Saved data entries
######

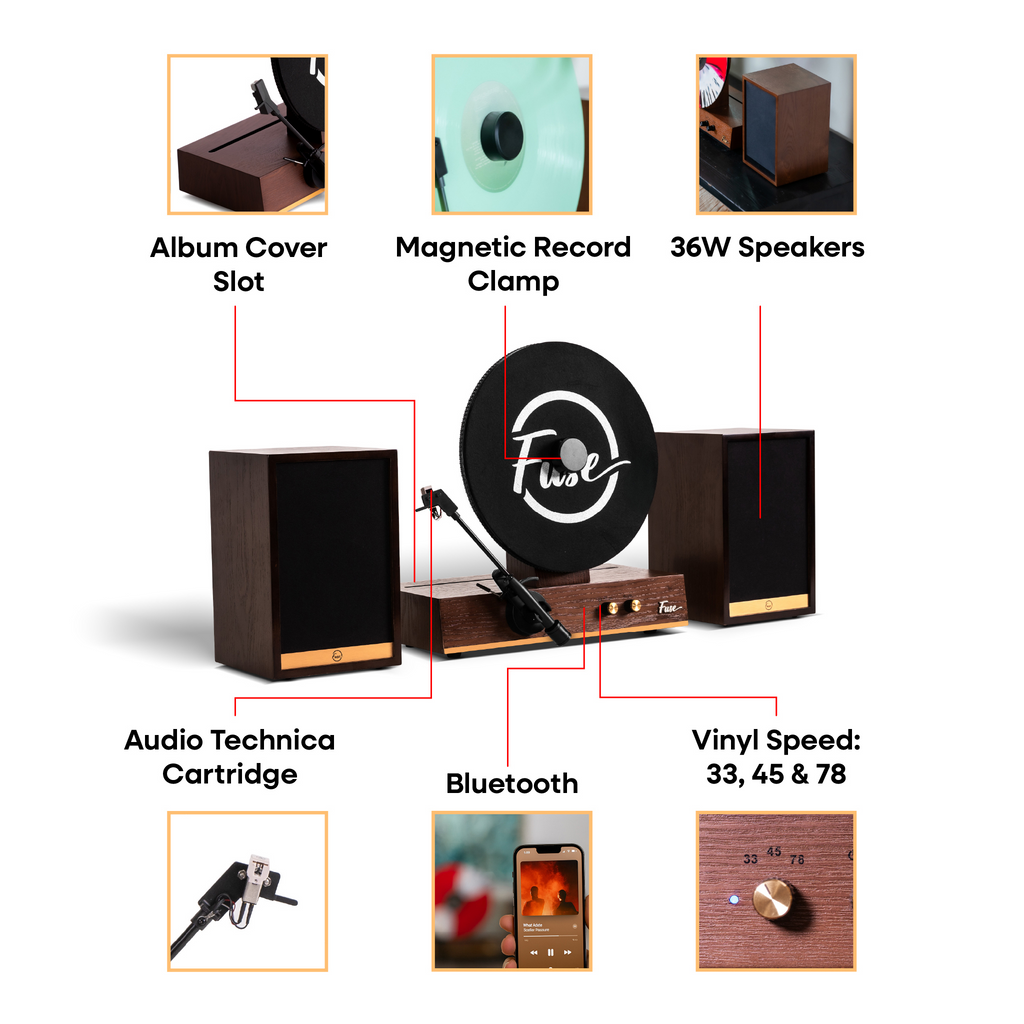 Fuse Audio GLD Vertical Vinyl Record Player - Fabs things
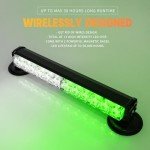 BooYu 14" Battery-Powered Strobe Light with Magnetic Base
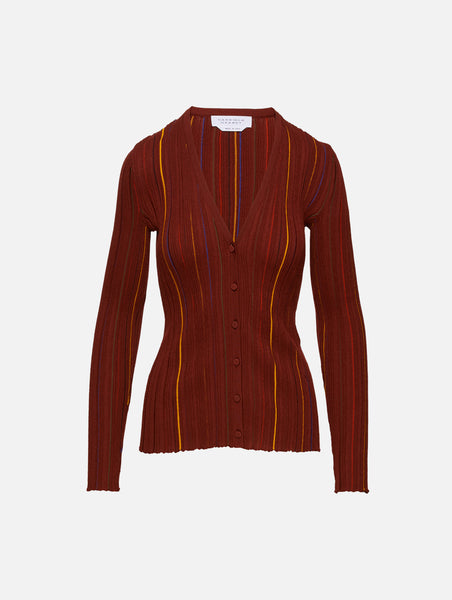 Barth Pinstripe Cardigan | GABRIELA HEARST | elysewalker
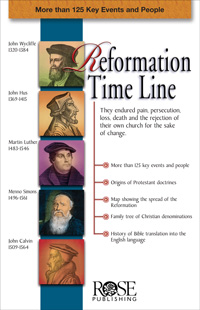 Pamphlet: Reformation Time Line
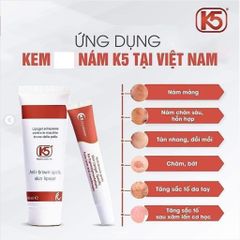 Kem Giảm Sạm Nám K5 Lipogel và K5 Cryolaser - Giải Pháp Làm Sáng Da và Ngăn Ngừa Tăng Sắc Tố Nám Sau Laser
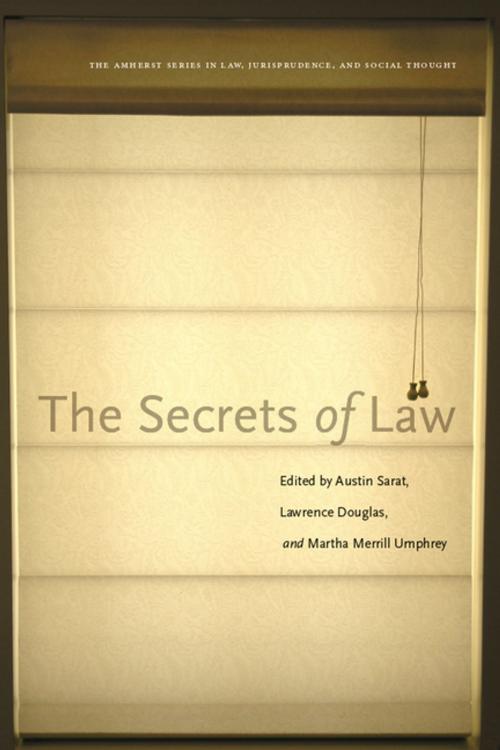 Cover of the book The Secrets of Law by , Stanford University Press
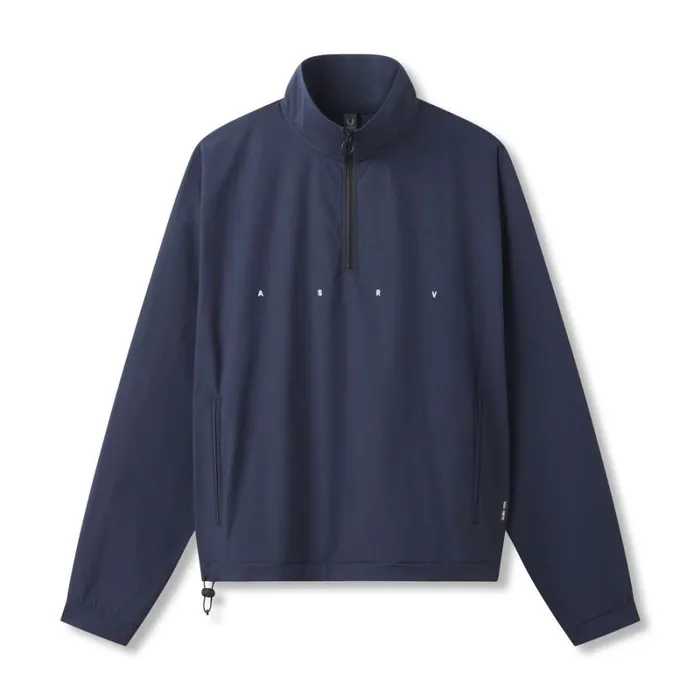 ASRV Jackets and Outerwear Men Ripstop Quarter Zip Jacket Navy
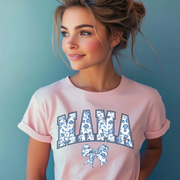 Mama Flowers and Bows Unisex T-shirt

######

Task requirements | Your reply should be the entries copied exactly, with all images omitted.

Expected answer |
 Fuse Audio GLD Vertical Vinyl Record Player - Fabs things
 BooYu 14" Battery-Powered Strobe Light with Magnetic Base
 Barth Pinstripe Cardigan | GABRIELA HEARST | elysewalker
 Pamphlet: Reformation Time Line
 Kem Giảm Sạm Nám K5 Lipogel và K5 Cryolaser - Giải Pháp Làm Sáng Da và Ngăn Ngừa Tăng Sắc Tố Nám Sau Laser
 Cover of the book The Secrets of Law by , Stanford University Press
 ASRV Jackets and Outerwear Men Ripstop Quarter Zip Jacket Navy
 Mama Flowers and Bows Unisex T-shirt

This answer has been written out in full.